Recovering History, Constructing Race: The Indian, Black, and White Roots of Mexican Americans (Joe R. and Teresa Lozana Long Series in Latin American and Latino Art and Culture) 1st edition by Menchaca, Martha (2002) Paperback
The history of Mexican Americans is a history of the intermingling of races-Indian, White, and Black. This racial history underlies a legacy of racial discrimination against Mexican Americans and their Mexican ancestors that stretches from the Spanish conquest to current battles over ending affirmative action and other assistance programs for ethnic minorities. Asserting the centrality of race in Mexican American history, Martha Menchaca here offers the first interpretive racial history of Mexican Americans, focusing on racial foundations and race relations from prehispanic times to the present.Menchaca uses the concept of racialization to describe the process through which Spanish, Mexican, and U.S. authorities constructed racial status hierarchies that marginalized Mexicans of color and restricted their rights of land ownership. She traces this process from the Spanish colonial period and the introduction of slavery through racial laws affecting Mexican Americans into the late twentieth-century. This re-viewing of familiar history through the lens of race recovers Blacks as important historical actors, links Indians and the mission system in the Southwest to the Mexican American present, and reveals the legal and illegal means by which Mexican Americans lost their land grants.

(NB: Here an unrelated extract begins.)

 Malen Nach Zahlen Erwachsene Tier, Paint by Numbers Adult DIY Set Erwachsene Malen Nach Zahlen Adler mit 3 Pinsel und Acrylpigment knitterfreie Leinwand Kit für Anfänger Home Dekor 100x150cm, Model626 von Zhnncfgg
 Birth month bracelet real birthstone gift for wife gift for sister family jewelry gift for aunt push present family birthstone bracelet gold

This was an incredibly dense read. Menchaca's premise was interesting, and even as someone who has studied Mexico's colonial history, there was so much that I had never read to this level of specificity or even at all before. I will say, though, Menchaca doesn't quite achieve the recovery of history she aims for as she doesn't dedicate much if any time to really examining the Black roots of Mexican Americans and Mexican afrolatinidad. For those interested in the Indian and White roots of Mexican Americans, though, this will be a wonderful source.

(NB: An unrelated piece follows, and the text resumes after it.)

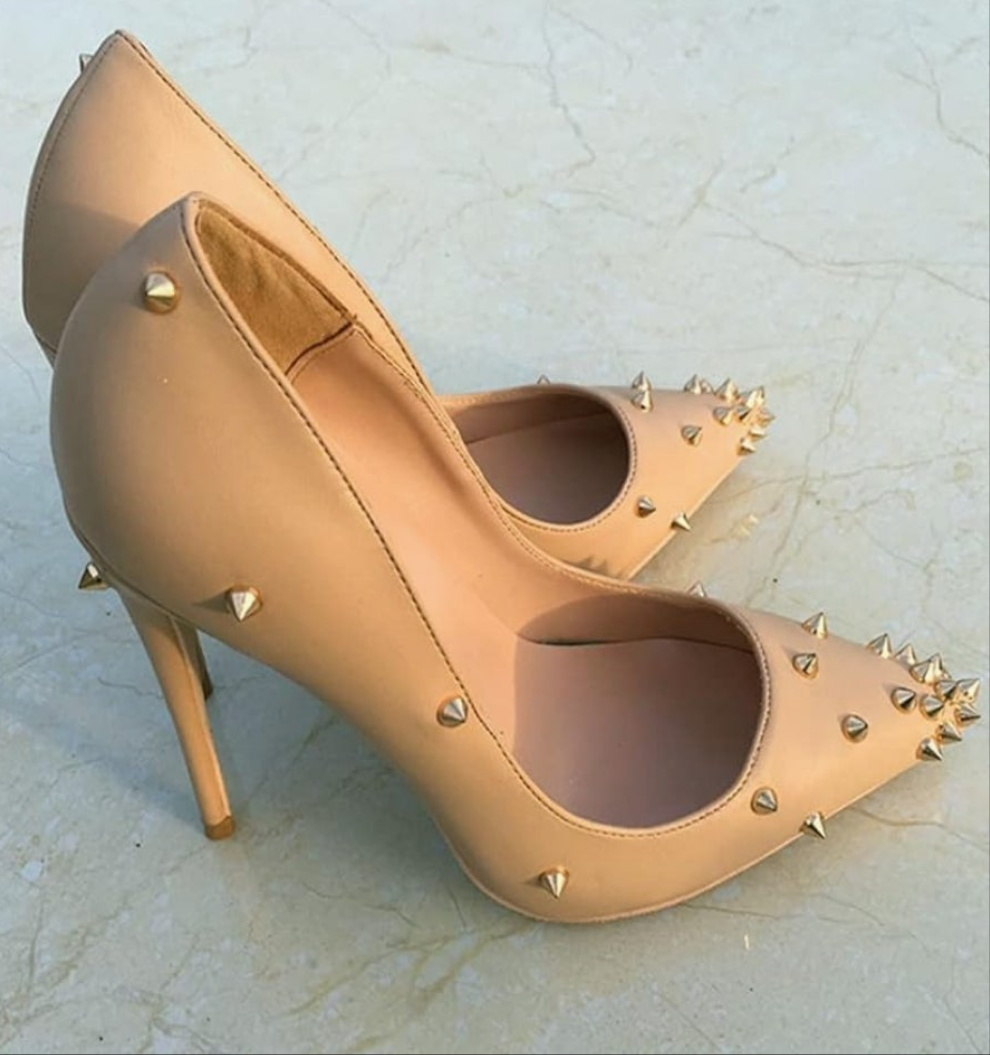 Sexy Heels Pumps Studded Rivett Party Prom Event Birthday Wedding Shoes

As a Black Mexican Chicana, I found this book incredibly illuminating. It's a must-read if you want to learn more about the racialization processes of mestizos, afromestizos and indigenous peoples in Mexico.

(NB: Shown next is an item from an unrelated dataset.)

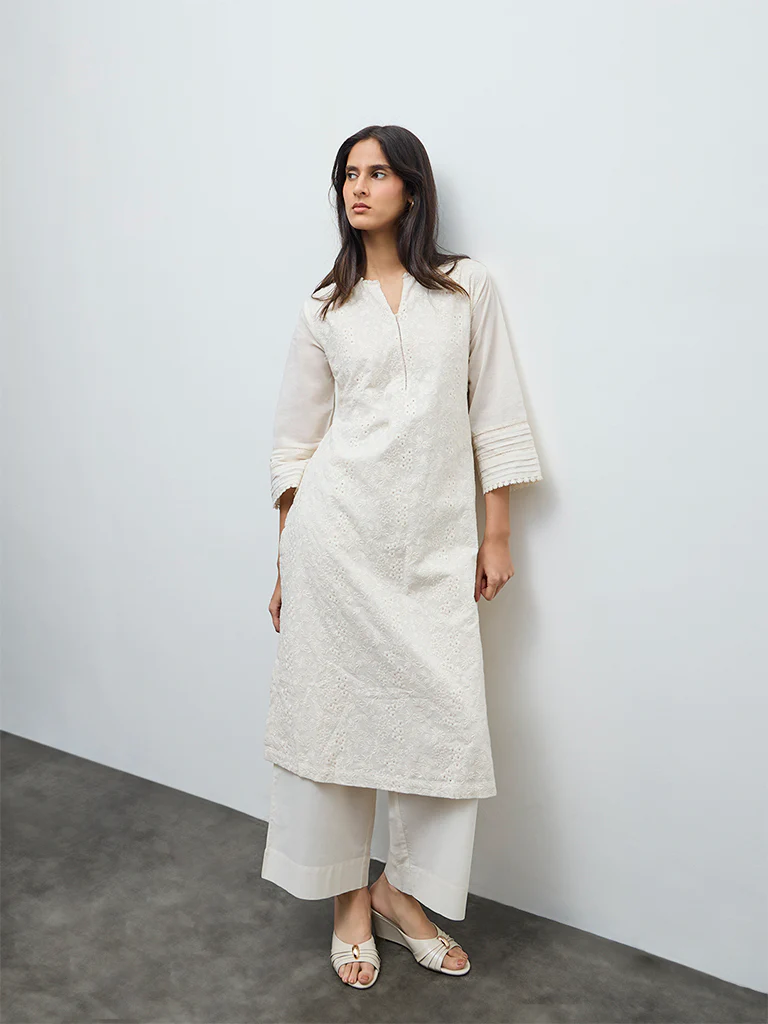 Zuba Off-White Solid Cotton Palazzos - Image 2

It took me 3 months to finish this book, but I pretty much figured that going in. Anyone expecting a book laid out prettily for people in some sort of story-like format shouldn't pick up this book. It can be dry in the sense a history book is dry. It's one of the history books we should all be getting taught as Americans, but don't.
For the most part, I picked up this book to get more depth on a topic I already knew a good bit about. In addition, it was to expand my knowledge out of Texas, which I know the most about, to the rest of the former-Mexico-now-the-U.S. Southwest. Also, I was interested in a book covering the then-too-taboo subject of Black ancestry in some of our families. As others have noted, unfortunately in this book there wasn't a lot of that or at least not as much as many are used to reading, focusing instead on Indigenous ancestry and only glancingly mentioning the other group. Unfortunately, that's what almost always happens to Mexican Americans in books and articles.
It was a "great" to learn so many of the varied ways that Spaniards and Anglos found to terrorize and steal from Indigenous and multiracial people. That's part of why it took me so long to make it through because a lot of the time I was only reading 10 pages at a time before I had to put the book down and digest and/or not be tempted to throw the book at the wall. Angering and sad how so many people were harmed. Most of the specifics in how Spaniards went about things was new to me, though, in particular that the Church actually protected (in their twisted way) land for Indigenous people. Then, at one point near the end of the book I felt like I was making it through all the begats in the bible or reading "The Silmarillion" (for the Tolkien fans) when it came to a section talking about all the land theft first after Anglos took over Texas and then again when the U.S. took the Southwest/made the Gadsden purchase. Just as I did a little skimming because it was the same over and over, it was over, so thankfully I skimmed very little.
Finally, the book interestingly closes with a personal connection to all of this history, showing how it effected people in their family. It showed how in so many instances some history may be hard to recover or fully know because the people it involves had to go underground, if you will, and the actual ancestry may be lost forever because of the real-world consequences not to mention the stigma of being from an oppressed group. Ethnic identities are often based on feelings rather than "fact" at the end of the day.